Chapter 8 Data Structures and Repository Links
The Mosquito Alert data is stored in a SQL database (PostgreSQL/PostGIS) that is managed by the Django/Python server layer. It is exported daily to Zenodo at http://doi.org/10.5281/zenodo.597466. The project has also set up a mechanism to share the data regularly with GBIF (see https://www.gbif.org/es/dataset/1fef1ead-3d02-495e-8ff1-6aeb01123408). It is also exploring the possibility of linking the application to iNaturalist so that participants’ observations can be viewed in real time by the iNaturalist community.
The primary unit of observation for the Mosquito Alert data is a report-version. Each time a participant creates a new report or edits or deletes an existing report, a new report-version record is created. Different versions of the same report are linked by a unique report UUID automatically assigned to each report when it is created.
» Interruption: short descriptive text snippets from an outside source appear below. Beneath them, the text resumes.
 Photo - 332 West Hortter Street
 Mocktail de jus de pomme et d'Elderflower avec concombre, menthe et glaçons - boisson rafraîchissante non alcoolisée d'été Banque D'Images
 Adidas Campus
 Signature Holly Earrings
Each report-version is linked to the set of photographs that the participant included with the report, and to the participant’s answers to the three taxonomic questions designed as a first check of validity. One important point here is that the application sends both the answer to the question and the question, both written as posed to the participant in whatever language the participant was using. Both pieces of information (question and answer in original language) are stored in the database. This makes it possible to deal with updates over time in the language used in the applications and to identify possibly errors or sources of confusion that might be affecting data quality.
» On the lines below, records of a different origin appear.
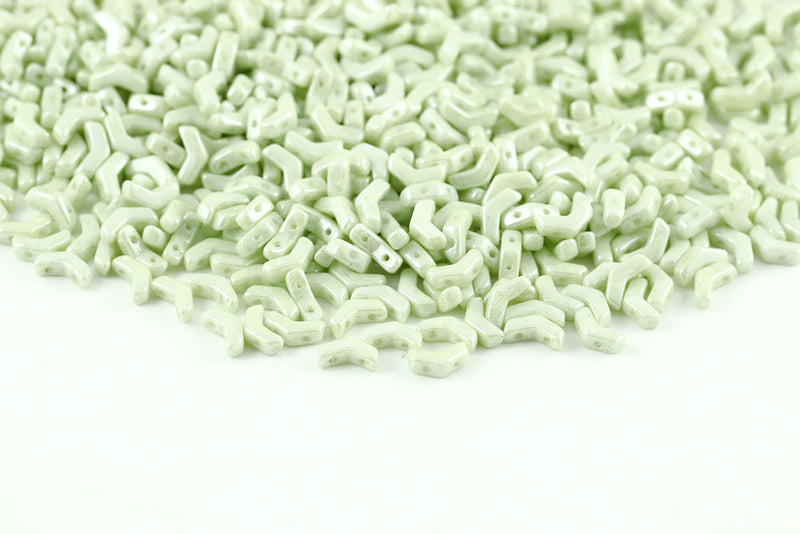 Arrow 8×5mm Chalk Light Green Luster 2-Hole Czech Beads
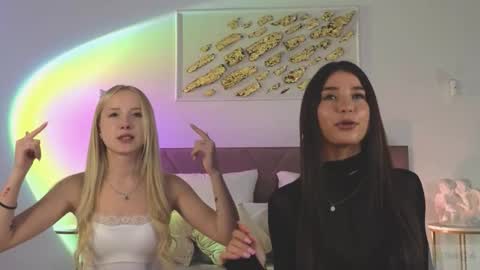 Snapshot of violetta_finch chatting on September 28, 12:43 pm violetta_finch online show from September 28, 12:43 pm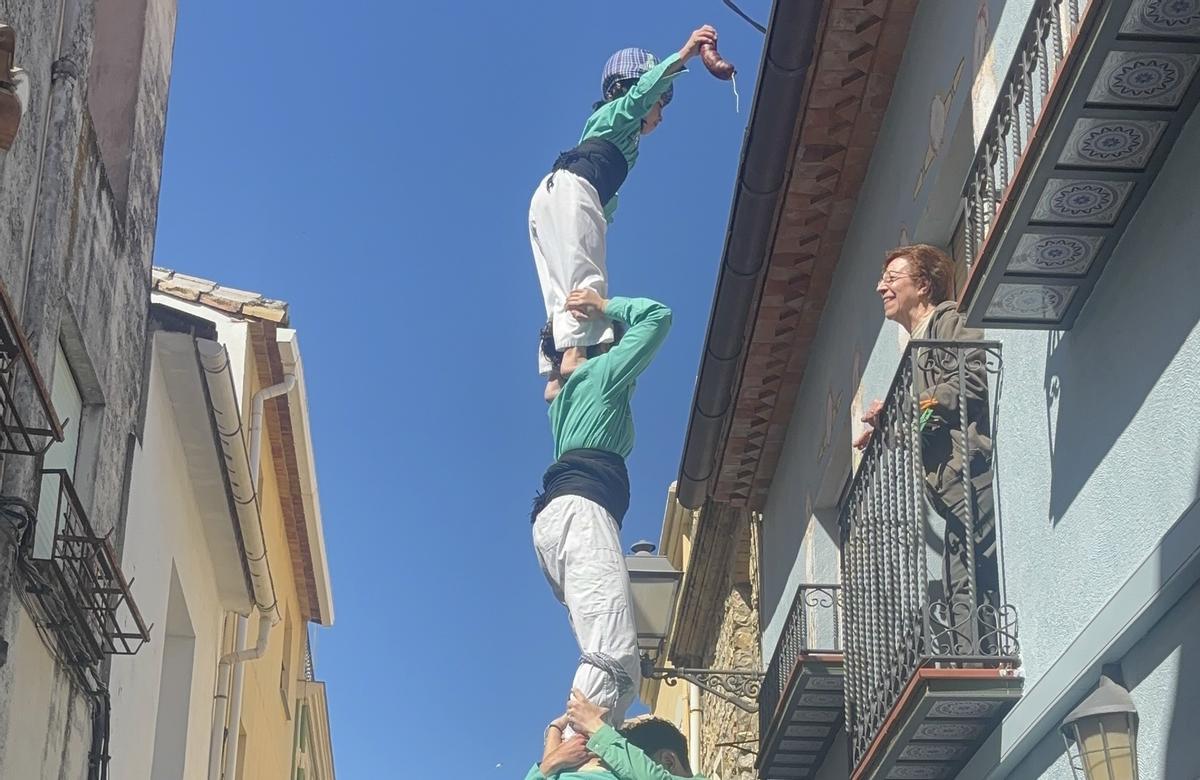 Enlairar la tradició: la Muixeranga de la Marina Alta va alçar una imatge icònica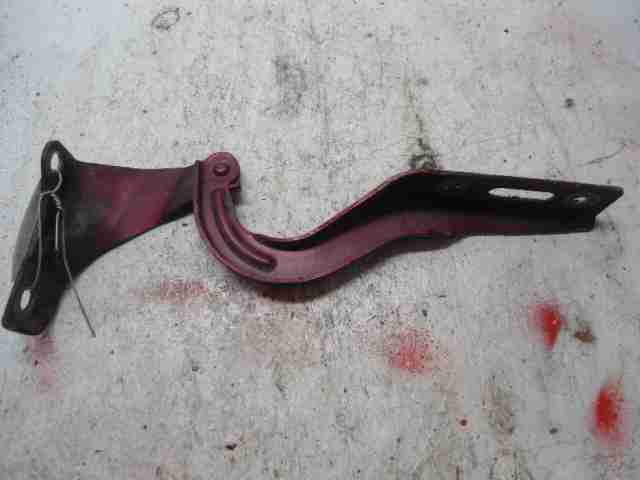 Изображение товара 41426 - 00041426 petlya kapota levaya Renault Sandero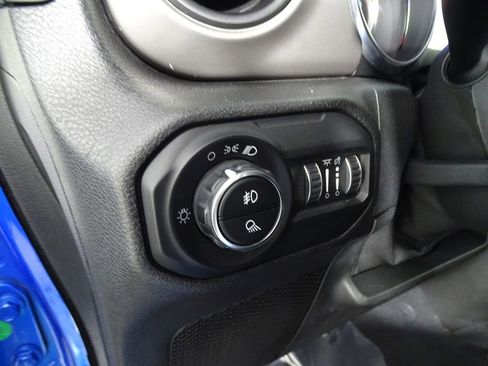 Used 2021 Jeep Gladiator Sport w/ Trailer Tow Package image 13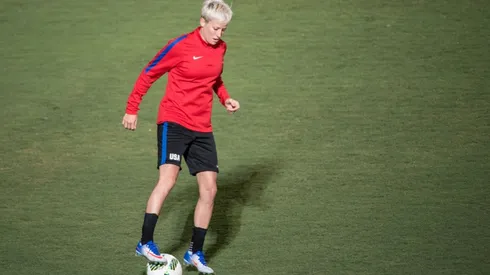 Rapinoe kneels in support of Kaepernick protest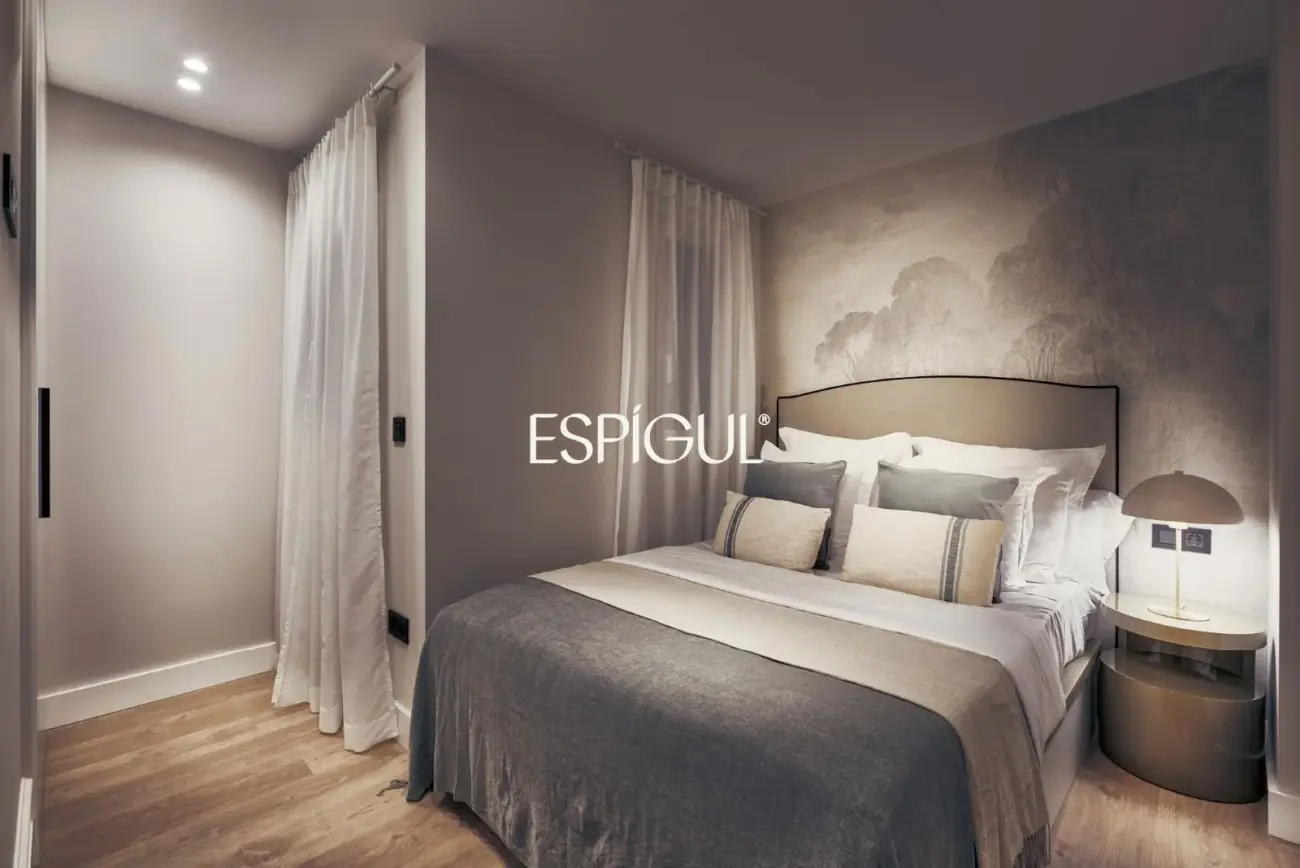 Fully renovated and furnished apartment for sale in Castellana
The most recent version of each report is sent to the expert validation system (and if new versions come in after validation, they are sent again). The validation results are then linked to the report-version (each report version also has its own unique UUID).
Reports are also linked to participants through a unique reporting UUID assigned by the application to each participant when they register. Data on participants includes registration time, which is used in the sampling effort model.
The background tracking data is stored in its own table, which contains a unique user UUID for background tracking purposes (different from the reporting UUID).